Quando un CDV è frutto ed è a servizio di cammini di comunione
Le domande che ci assillavano nel settembre del 1991 erano di questo genere: “Dopo ventitré anni è possibile riaprire un seminario? E su quale modello? Con quali criteri?”. La riapertura del Seminario Minore non pareva opportuna per la scarsezza di mezzi e di forze. Inoltre si era venuto a creare un “buco” di oltre vent’anni che scoraggiava ogni iniziativa; mancava l’humus all’interno del quale un discorso di questo tipo avrebbe potuto attecchire. D’altro conto la nostra diocesi denuncia una mancanza di vocazioni che con l’andare del tempo si è fatta sempre più preoccupante. Certamente questa situazione ci ha spinto a rivalutare e a potenziare la Pastorale Vocazionale, anche se la pressione maggiore veniva dalla constatazione che una Chiesa senza vocazioni è come una madre sterile.

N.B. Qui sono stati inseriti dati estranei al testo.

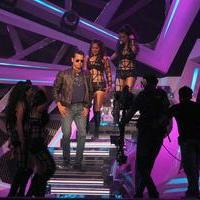 On location shoot of Nach Baliya 6 Photos | Picture 669999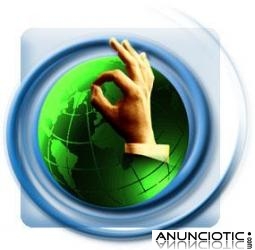 ANUNCIATE PRIMERA POSICION GRATIS LL&Aacute;MANOS 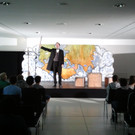 2013-06-12 11_44_58_jpg-1371122085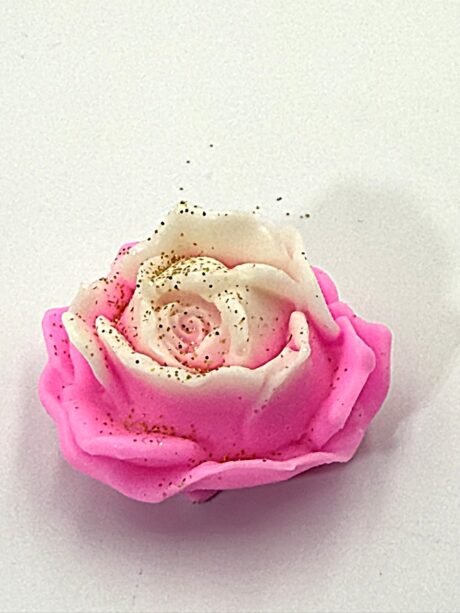 viber_image_2025-07-11_17-50-38-580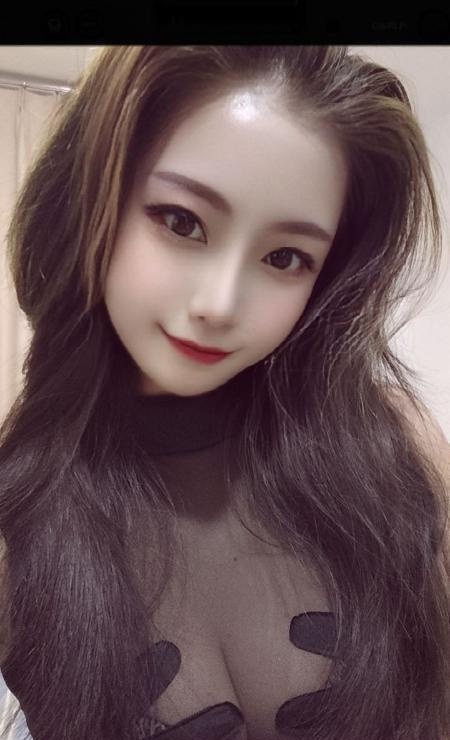 回味大胸骚女夏老师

Come tentativo di rispondere a tutto ciò il Vescovo invitò due sacerdoti appena ordinati a prendersi cura di due giovani in ricerca vocazionale. Iniziava una forma di vita comunitaria che poco a poco c’indicò la strada. Constatavamo che all’interno della comunità e nella comunione di vita con gli altri Dio parlava più chiaramente al singolo. È come se la comunità facesse da altoparlante. Si cercava di mettere in luce ogni aspetto della vita comune: dal lavoro all’apostolato, dallo studio al riposo, dall’aggiornamento alla vita di preghiera. Si lavorava in casa e in curia, si frequentava l’Istituto di Scienze Religiose, si pregava insieme durante la giornata con la liturgia delle ore e si celebrava giornalmente l’Eucaristia. I colloqui personali, anche con il vescovo, erano il luogo privilegiato per mettersi nella verità, all’ascolto di Dio.

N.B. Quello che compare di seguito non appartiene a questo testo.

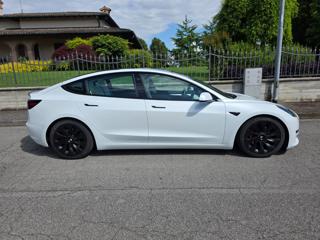 TESLA Model 3 usata, con Alzacristalli elettrici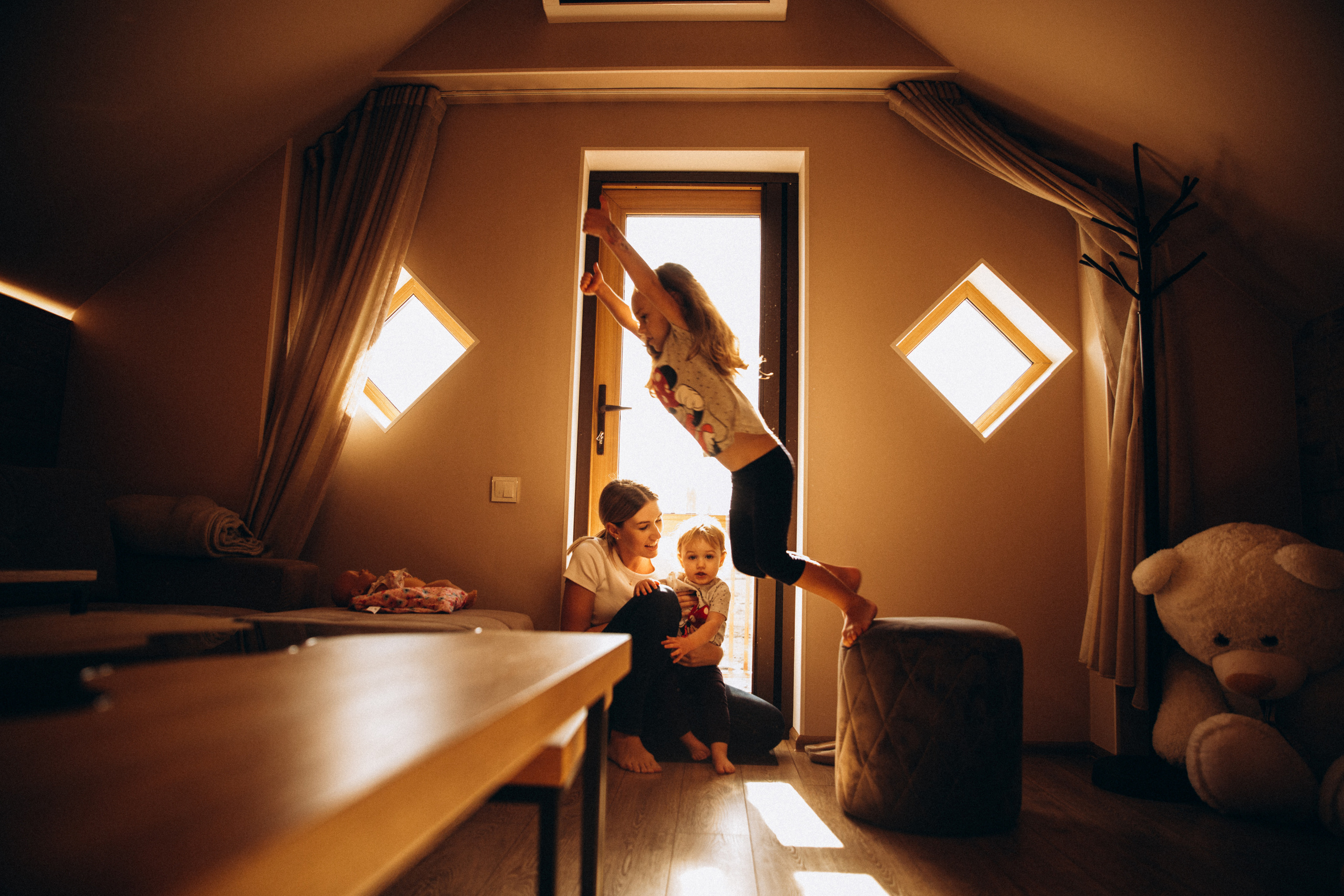 Єва Марія. Весільний та сімейний фотограф Біла Церква/Київ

Ci preoccupava il reale inserimento nella chiesa locale; in questo modo si creavano quei rapporti che fanno sentire membra di un corpo, parte di una famiglia. Da qui l’aiuto costante ad alcuni parroci nei fine settimana, l’assidua presenza agli incontri del clero, una fattiva collaborazione nei momenti comuni diocesani. Importante il rientro settimanale in famiglia: era l’occasione per andare più in profondità nel rapporto coi genitori e coinvolgerli nel giusto modo nel discernimento vocazionale. Talvolta, infatti, era necessario il distacco netto, e quindi responsabilizzante; altre volte si sono dovuti risolvere dei rapporti problematici coi familiari.

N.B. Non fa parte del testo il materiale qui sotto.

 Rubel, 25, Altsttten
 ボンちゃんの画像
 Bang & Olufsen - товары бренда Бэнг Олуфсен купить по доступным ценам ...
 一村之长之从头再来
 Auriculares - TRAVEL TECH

I dieci giovani che in quattro anni hanno potuto vivere e frequentare la comunità avevano un’età compresa tra i diciannove e trentacinque anni. Sono definiti “vocazioni adulte”, ma abbiamo voluto proporre questo periodo di cammino senza preoccuparci dell’ulteriore prolungamento degli anni di formazione. Potevamo costatare in parte quanto l’ingresso al Seminario Maggiore fosse facilitato. Era,. inoltre, un periodo propizio per il discernimento vocazionale in quanto il giovane, non vivendo in seminario, si sentivameno sottoposto a pressioni esterne. Non vogliamo affermare che tali strutture non siano adatte al discernimento vocazionale, ma che esse sono pensate ed organizzate soprattutto per la formazione dei candidati. Dinanzi alla paura dei nostri giovani di scelte totalitarie e alla visione di ammirazione-a-distanza che essi hanno della vita consacrata, strutture più agili di accompagnamento e mediazione ci sembravano più adatte.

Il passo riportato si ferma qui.